● **Exercise**
Every line below from the one with "Real Milf Chores - USA" through the one with "Adidas Ozelia Damen" should be retyped exactly, both ends included; no other lines and no pictures.

● **Information shown**

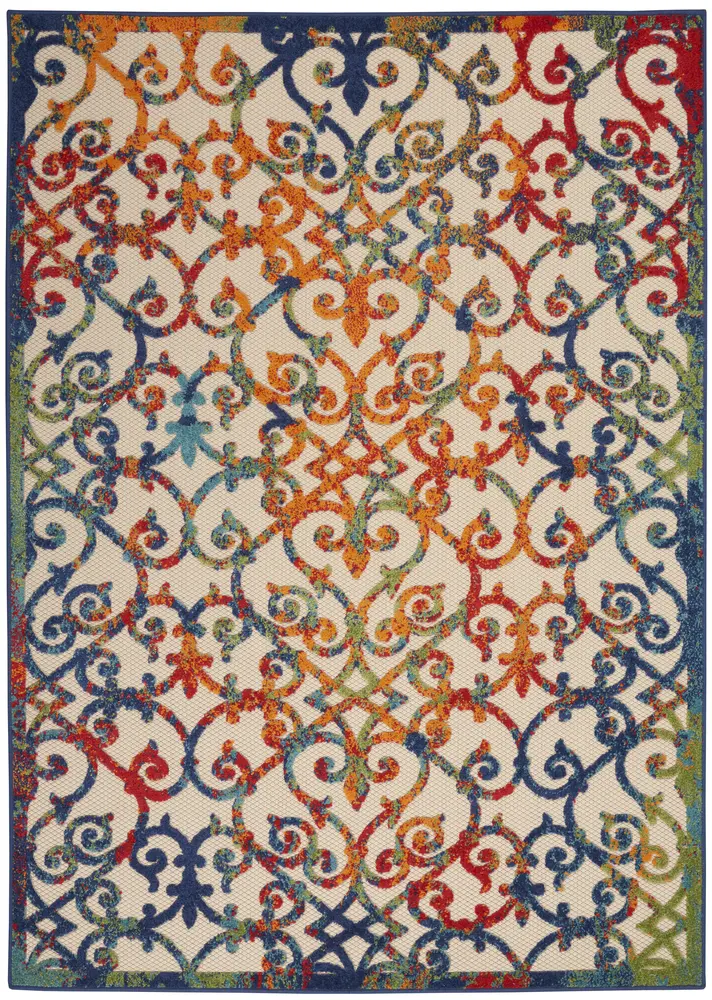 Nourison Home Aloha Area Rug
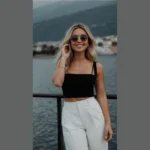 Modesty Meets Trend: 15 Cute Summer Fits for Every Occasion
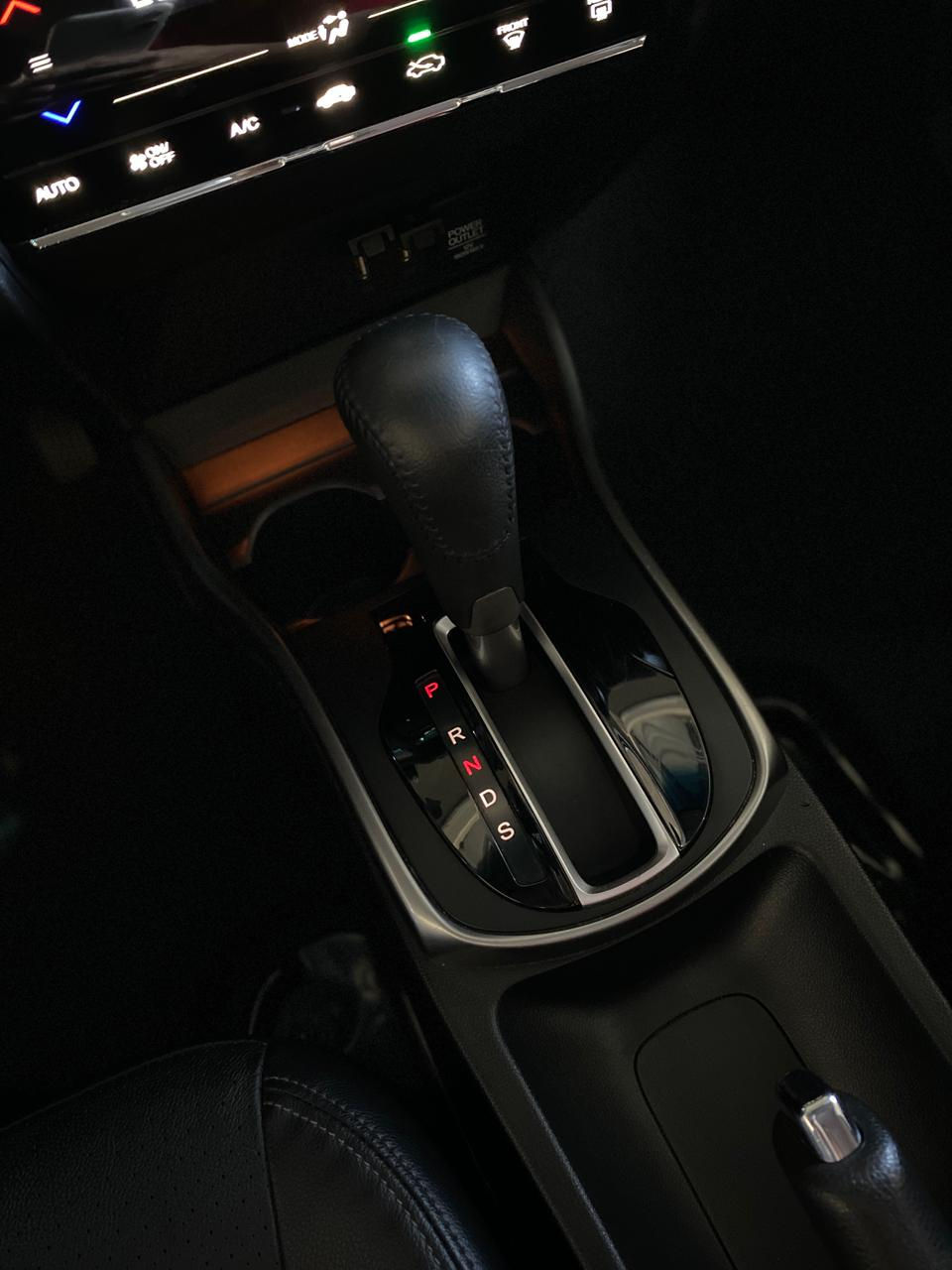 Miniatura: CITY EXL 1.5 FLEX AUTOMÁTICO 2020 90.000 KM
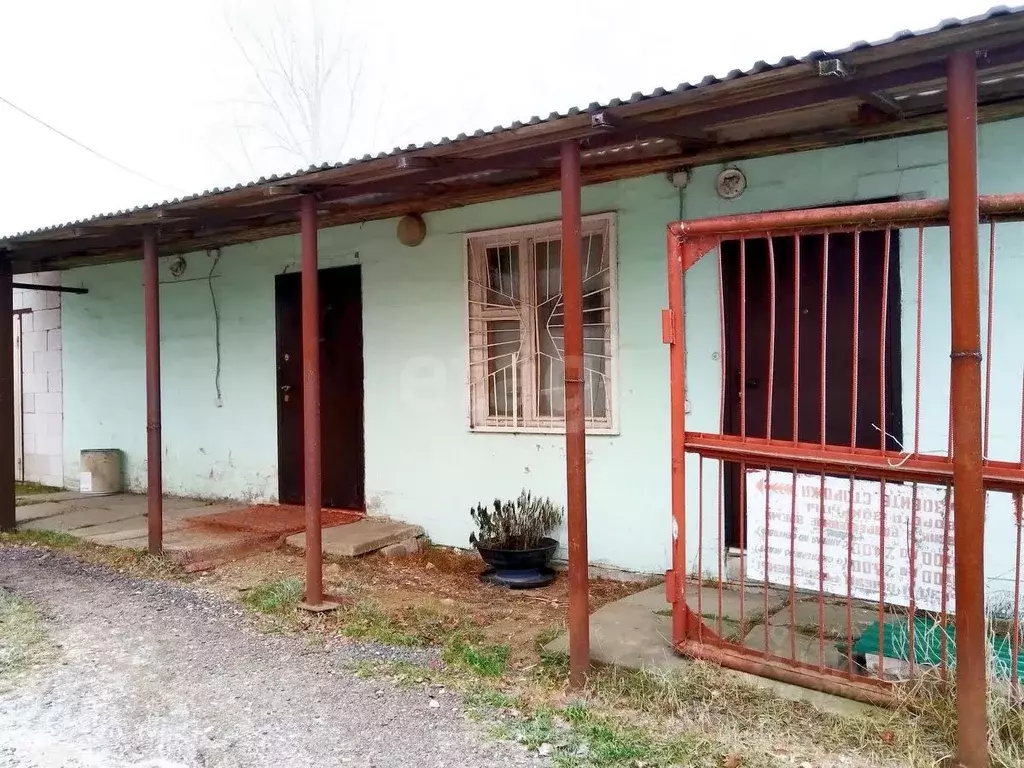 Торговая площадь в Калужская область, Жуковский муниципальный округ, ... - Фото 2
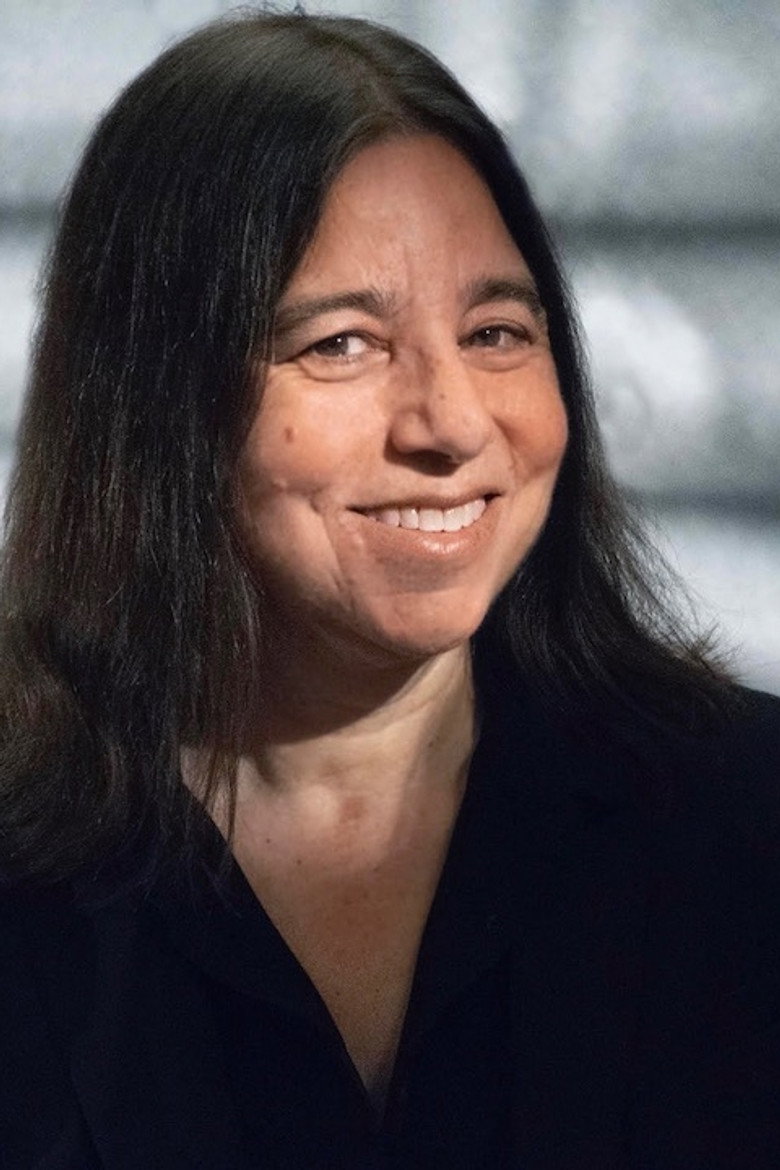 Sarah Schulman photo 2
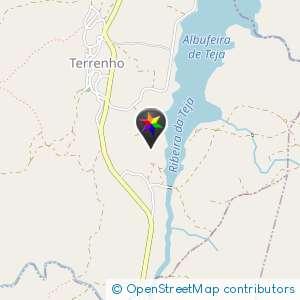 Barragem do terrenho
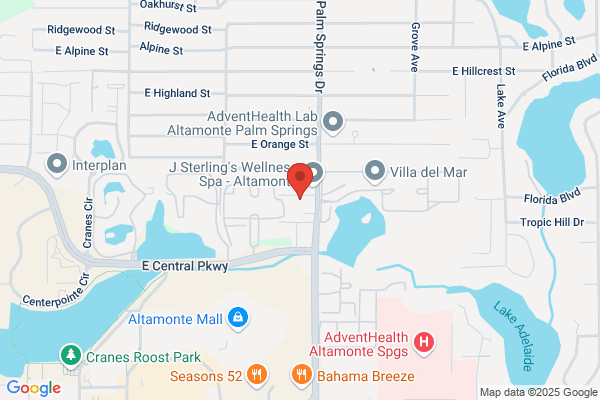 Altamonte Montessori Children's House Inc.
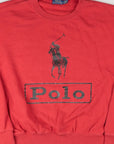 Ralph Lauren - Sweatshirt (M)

...

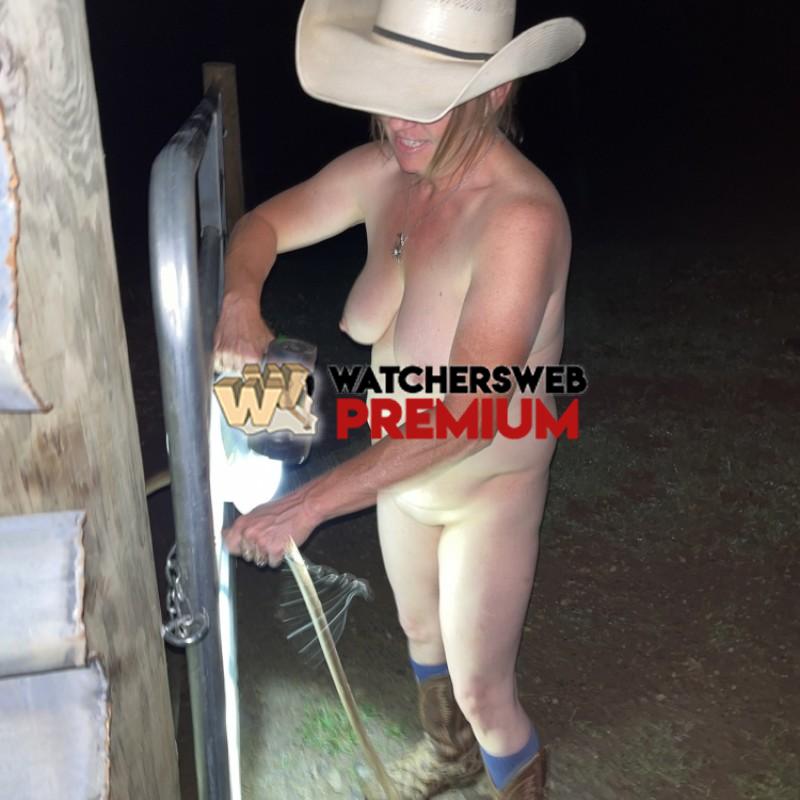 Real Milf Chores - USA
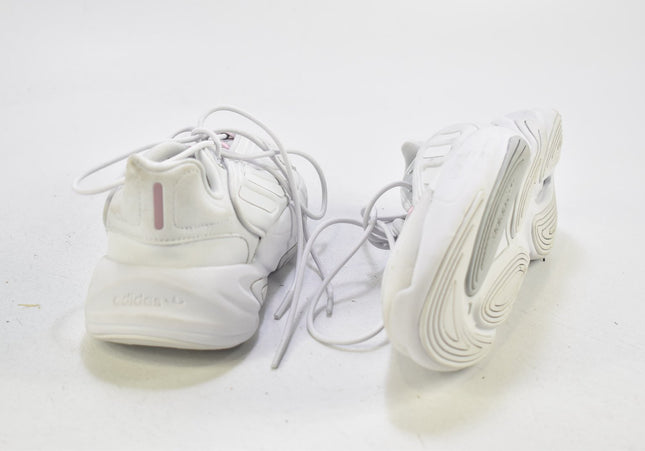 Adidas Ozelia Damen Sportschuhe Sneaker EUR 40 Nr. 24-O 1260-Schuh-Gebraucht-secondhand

--

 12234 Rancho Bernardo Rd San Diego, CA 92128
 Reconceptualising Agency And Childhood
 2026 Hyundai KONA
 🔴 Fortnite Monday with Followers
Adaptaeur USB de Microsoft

● **Solution for this task**
 Real Milf Chores - USA
 Adidas Ozelia Damen Sportschuhe Sneaker EUR 40 Nr. 24-O 1260-Schuh-Gebraucht-secondhand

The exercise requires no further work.